= GIVEN INFORMATION =
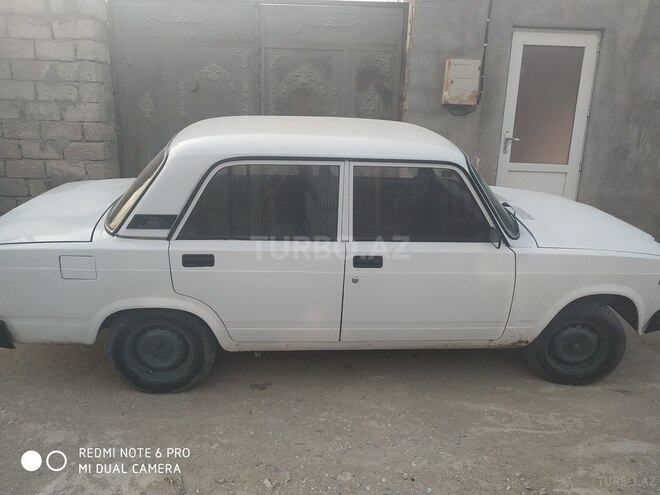 LADA (VAZ) 2107 2007, 180,000 km - 1.6 л - Bakı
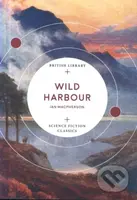 Wild Harbour - Ian Macpherson - kniha z kategorie Sci-fi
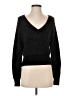 Urban Outfitters 100% Polyester Black Pullover Sweater Size S - photo 1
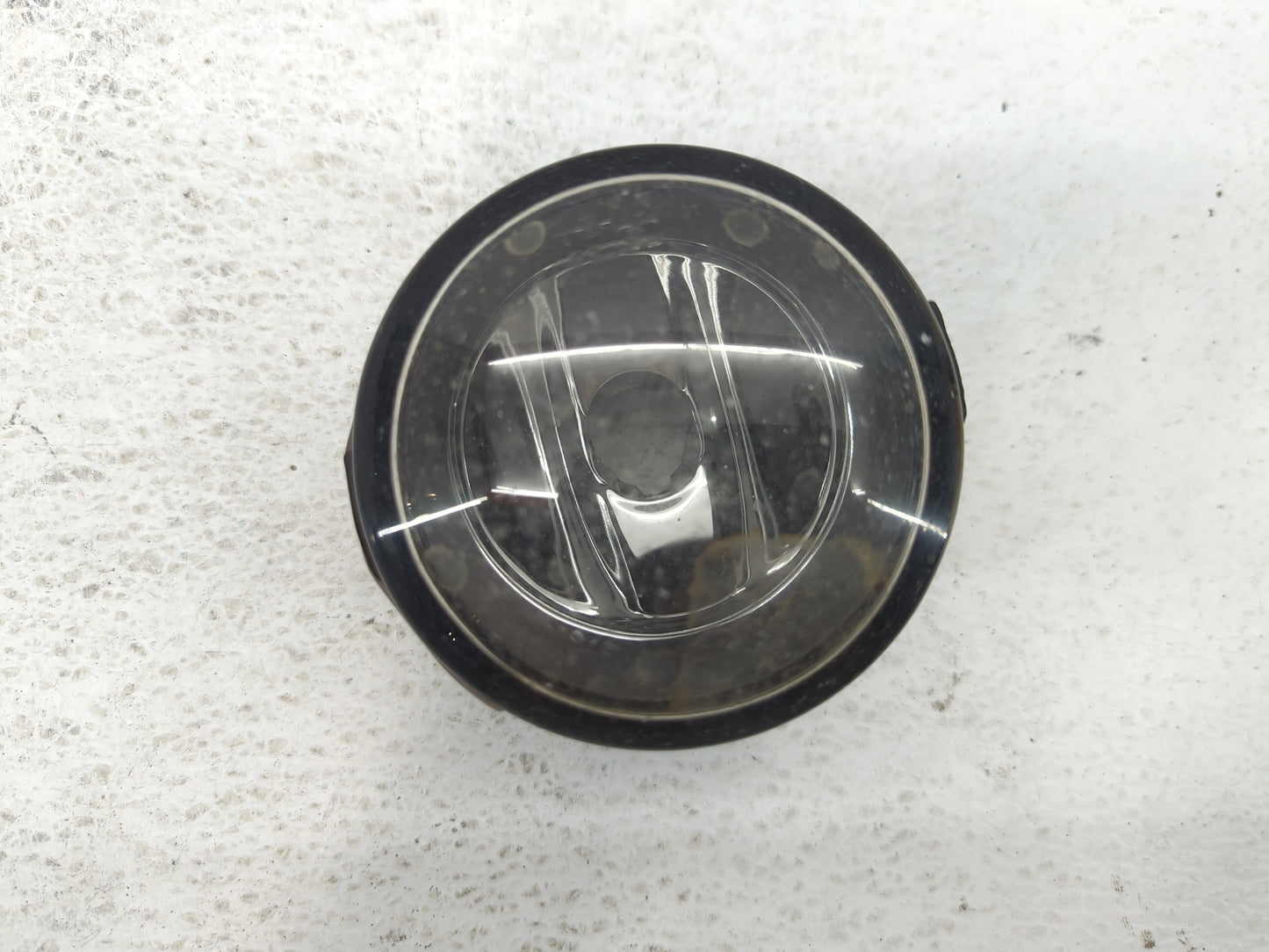 2008 Nissan Murano Driver Left Oem Front Light Lamp - Oemusedautoparts1.com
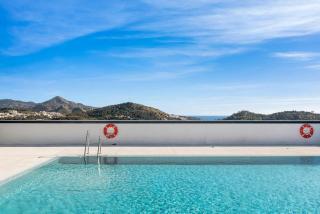Malaga Eye - 8
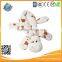 Plush Cute Lion Animal Stationery Bag Creative Pencil Case Box for Student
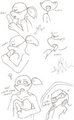 Rp: Don's little Mikey... the popsicle....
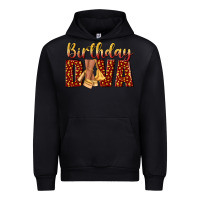 Birthday Diva Urban Hoodie | Teevron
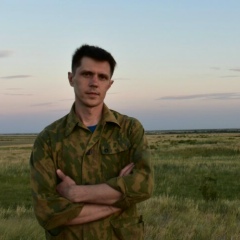 Сергей Шиховцов, Нижний Новгород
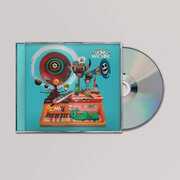 Song Machine, Season One , Gorillaz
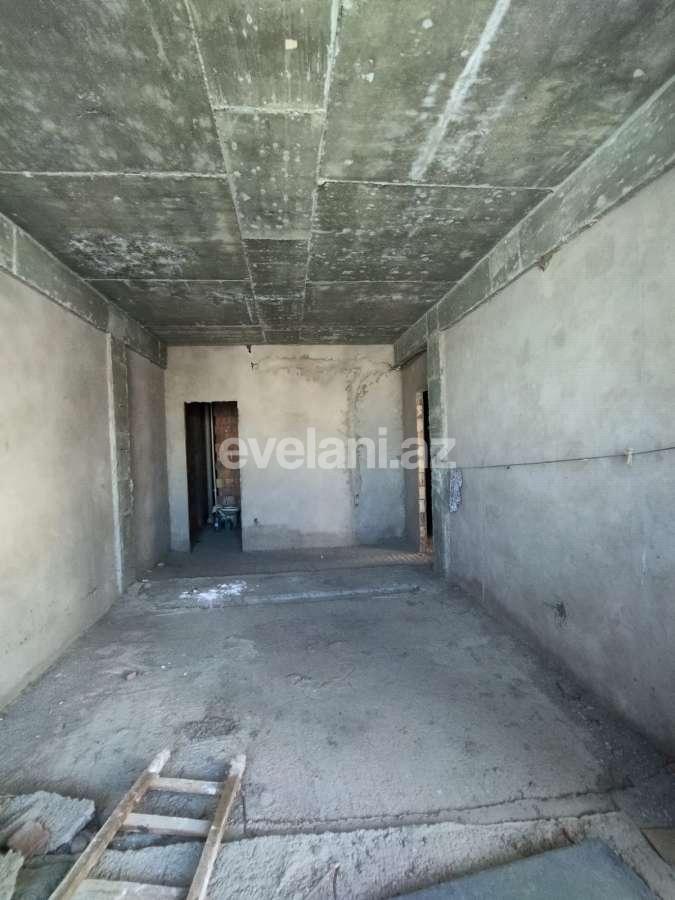 Satılır, yeni tikili, 3 otaqlı, 135 m², Bakı, Xətai r, Əhmədli q, Həzi Aslanov m.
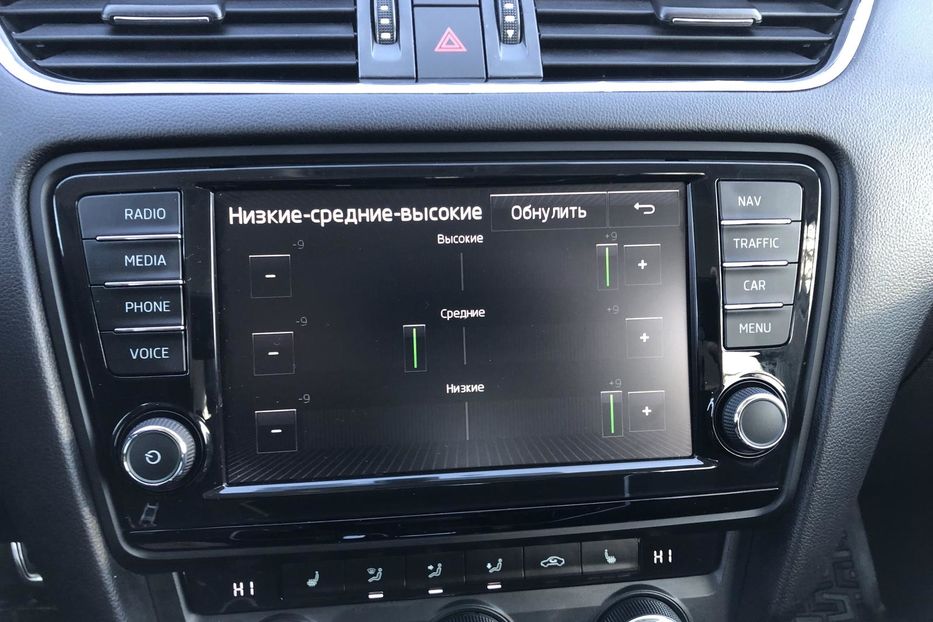 Продам Skoda Octavia A7 II поколение • 2.0 TDI DSG (184 к.с.) 4х4  2016 года в Житомире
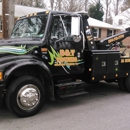 B&T Towing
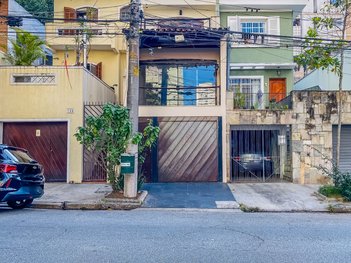 house em Rua dos Caetés, Perdizes - São Paulo - SP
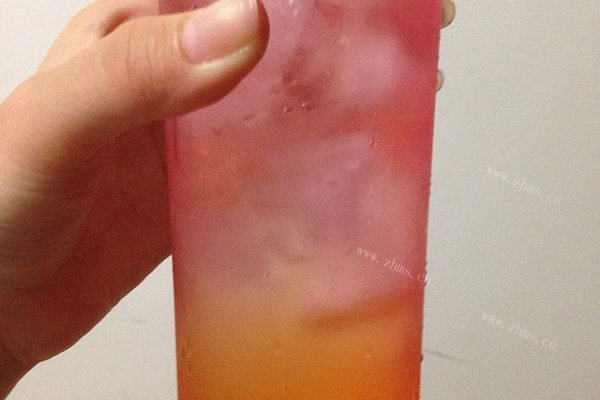青梅汽水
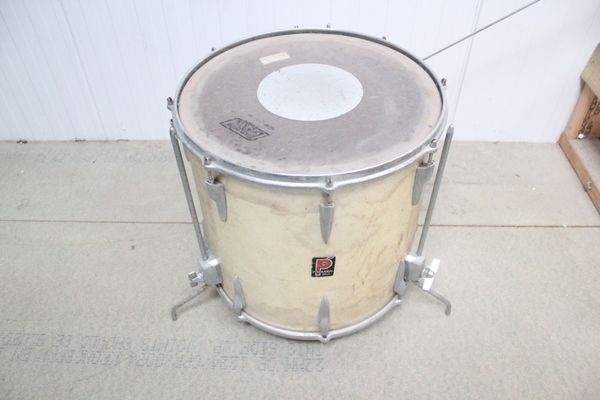 Premier 16" Floor Tom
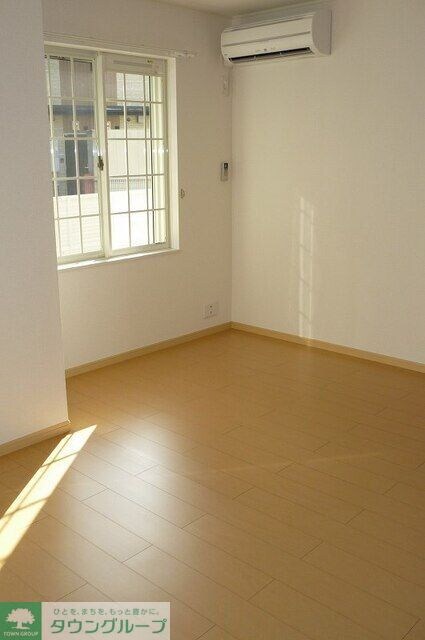 フラン・フィオーレＢの物件内観写真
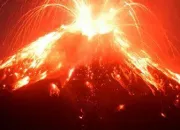 Quiz D'inquiétants trous qui fument : les volcans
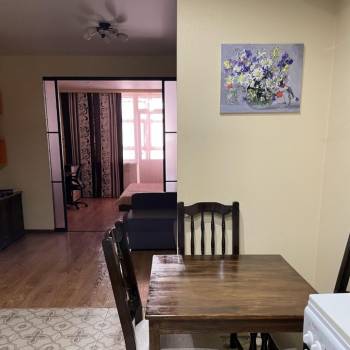 Сдается 2-х комнатная квартира, 47 м²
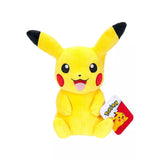 Pokemon - Plush - Pikachu (8 Inch)
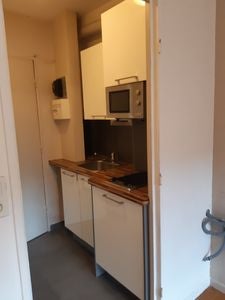 Appartement Boulevard Diderot à Besançon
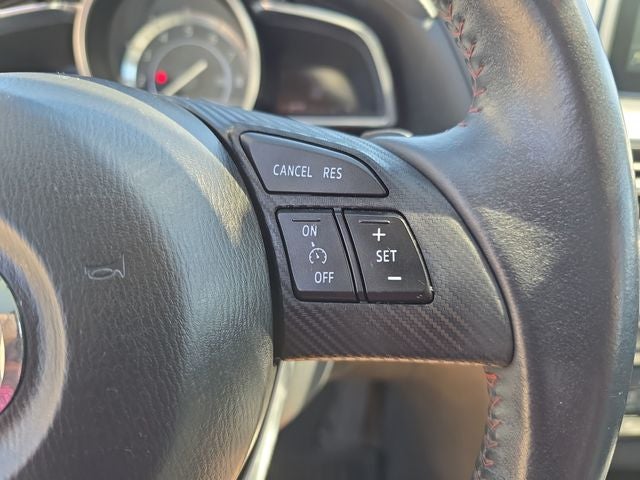 2014 Mazda Mazda3 s Grand Touring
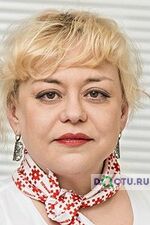 Ерофеева Инна Константиновна - фото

= WORK TO BE COMPLETED =
Nothing but the lines from the one that contains "Birthday Diva Urban Hoodie | Teevron" through the last line of the material should be written out, exactly. Omit pictures.

= RESULT =
 Birthday Diva Urban Hoodie | Teevron
 Сергей Шиховцов, Нижний Новгород
 Song Machine, Season One , Gorillaz
 Satılır, yeni tikili, 3 otaqlı, 135 m², Bakı, Xətai r, Əhmədli q, Həzi Aslanov m.
 Продам Skoda Octavia A7 II поколение • 2.0 TDI DSG (184 к.с.) 4х4  2016 года в Житомире
 B&T Towing
 house em Rua dos Caetés, Perdizes - São Paulo - SP
青梅汽水
 Premier 16" Floor Tom
 フラン・フィオーレＢの物件内観写真
 Quiz D'inquiétants trous qui fument : les volcans
 Сдается 2-х комнатная квартира, 47 м²
 Pokemon - Plush - Pikachu (8 Inch)
 Appartement Boulevard Diderot à Besançon
 2014 Mazda Mazda3 s Grand Touring
 Ерофеева Инна Константиновна - фото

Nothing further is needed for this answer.